Quick answer: A membrane unit protects water only while its complete barrier is intact. Operators track flow, pressure, permeability, filtrate quality, alarms, cleaning history, and integrity-test results together. A productivity problem such as fouling is not automatically an integrity failure, and a normal-looking bulk filtrate value does not replace the required integrity program.

What the membrane is doing

The 2025 WPI Class I outline explicitly includes membrane filtration in Treatment Process. At entry level, the operator should understand the process, recognize abnormal performance, protect the barrier, and follow the approved response—not redesign the system.

Low-pressure microfiltration (MF) and ultrafiltration (UF) commonly remove suspended particles and microorganisms by passing water through a porous barrier. The membrane may be arranged as hollow fibers or another module form and operated from outside-in or inside-out according to its design. Feed pretreatment such as screening, coagulation, or cartridge protection can reduce damaging debris and control foulant loading. The exact removal credit, operating envelope, and cleaning chemistry are product- and approval-specific.

EvidenceWhat it helps answerWhat it cannot prove alone
Filtrate turbidity or particle countIs particulate passage changing?The exact location or size of a defect
Transmembrane pressure (TMP)How much pressure drives water across the barrier?Whether a pressure change is fouling, bad data, or a breach
Flux or flowHow much filtrate is produced per membrane area or unit?Integrity without supporting tests
Normalized permeabilityIs hydraulic resistance changing after accounting for pressure and temperature?Pathogen removal credit by itself
Direct integrity testCan the isolated unit meet its approved physical test criterion?Continuous condition between periodic tests

Flux relates filtrate flow to membrane area. Transmembrane pressure is the driving-pressure difference across the membrane, calculated in the configuration-specific way defined by the manufacturer and plant procedure. Permeability relates flux to TMP; normalized values account for temperature because colder water is more viscous. When normalized permeability declines while production demand stays comparable, fouling is a likely concern. Confirm instrument validity, valve lineup, temperature compensation, and operating mode before diagnosing the membrane.

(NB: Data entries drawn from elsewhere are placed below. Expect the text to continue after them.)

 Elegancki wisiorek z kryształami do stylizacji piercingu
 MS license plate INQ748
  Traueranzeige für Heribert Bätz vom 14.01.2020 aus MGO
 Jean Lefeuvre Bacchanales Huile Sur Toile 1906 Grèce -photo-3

Fouling, cleaning, and irreversible damage

Fouling can include accumulated particles, biological material, mineral scale, or organic matter. Routine physical backwash may remove reversible deposits. A chemically enhanced backwash or clean-in-place event addresses more persistent material, but only with the approved chemical, concentration, exposure, rinse, neutralization, and waste-routing procedure. Too-aggressive cleaning can damage fibers, seals, or potting. A Class I operator trends the interval between cleans, recovery after cleaning, chemical use, and module-to-module differences; a steadily worsening recovery deserves escalation rather than ever-stronger improvised cleaning.

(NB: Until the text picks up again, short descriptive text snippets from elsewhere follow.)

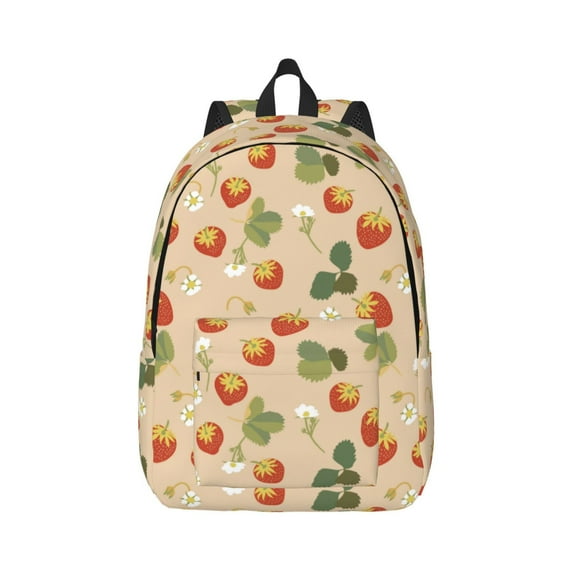 Balery Floral Strawberr Vintage Canvas Backpack for Men and Women - Large Capacity, Durable Travel Laptop Bag for School, Work, Hiking, and Outdoor Activities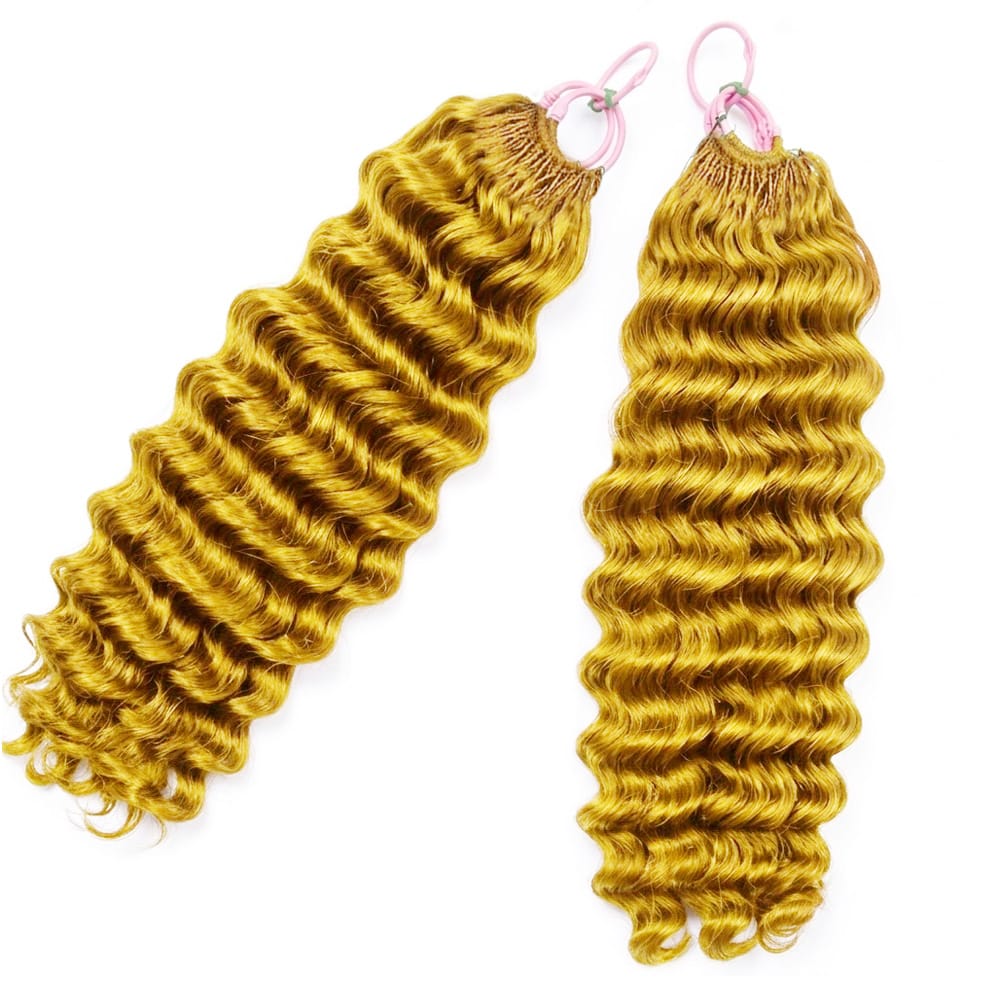 Deep Wave Hair Bundles / Feather Hair Extensions — 100% Virgin Human Hair / Yellow LINKTOWIG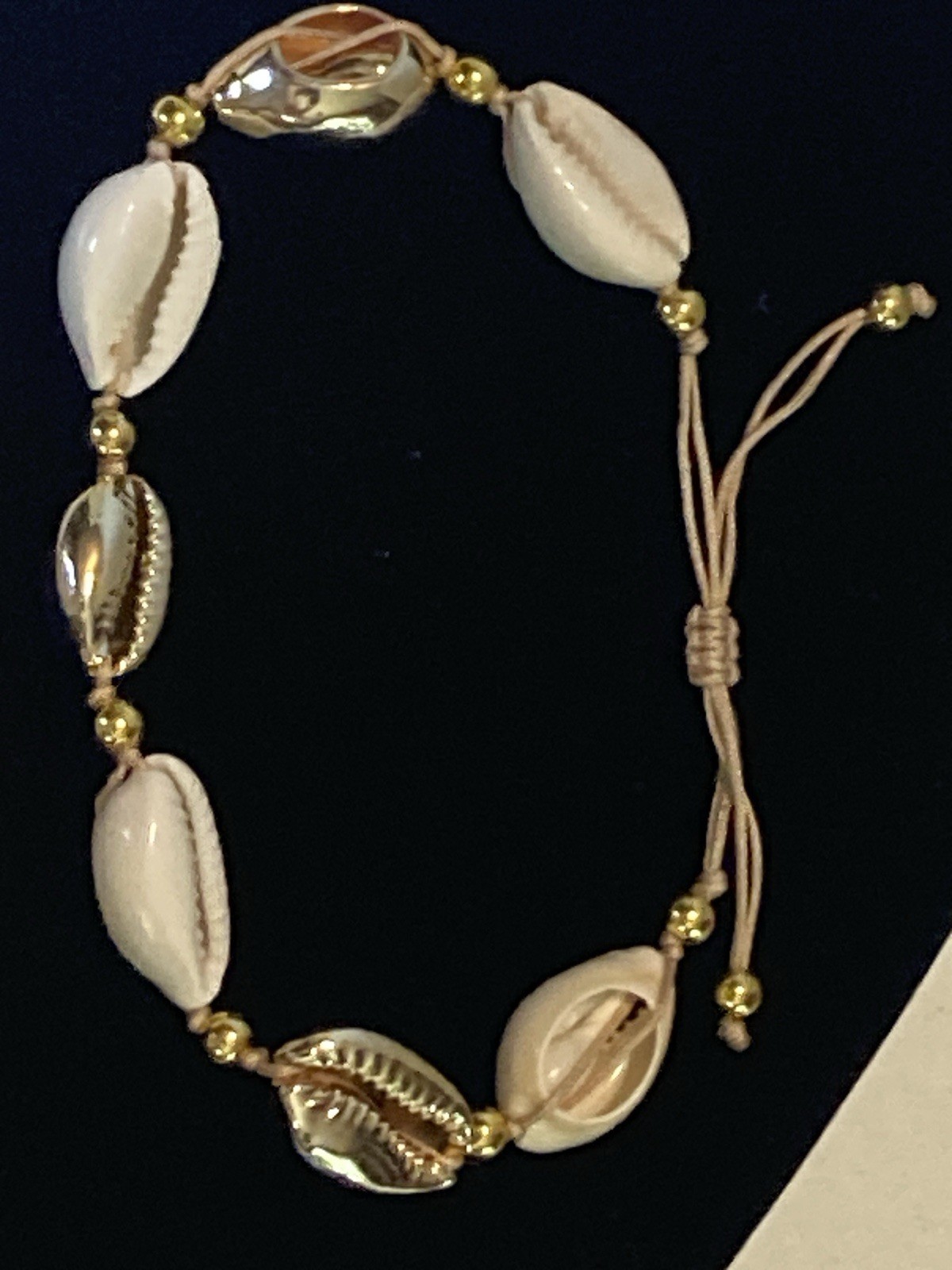 Gold White Cowrie Shell Bracelet Adjustable Macrame Beaded Bohemian Beach Jewelr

Direct and indirect integrity are complementary

Indirect integrity monitoring uses filtrate indicators—often unit-specific turbidity or particle counts—to watch performance between direct tests. It can give early warning, but its sensitivity depends on the instrument, sampling arrangement, data interval, and degree of dilution. Verify the analyzer and sample path when a value changes.

A direct integrity test (DIT) physically challenges an isolatable membrane unit, for example by evaluating pressure or vacuum decay. It assesses the entire tested boundary: fibers, seals, potting, valves, and associated piping. A failed DIT means the unit has not demonstrated the required barrier condition. Do not average that failure away with good combined filtrate.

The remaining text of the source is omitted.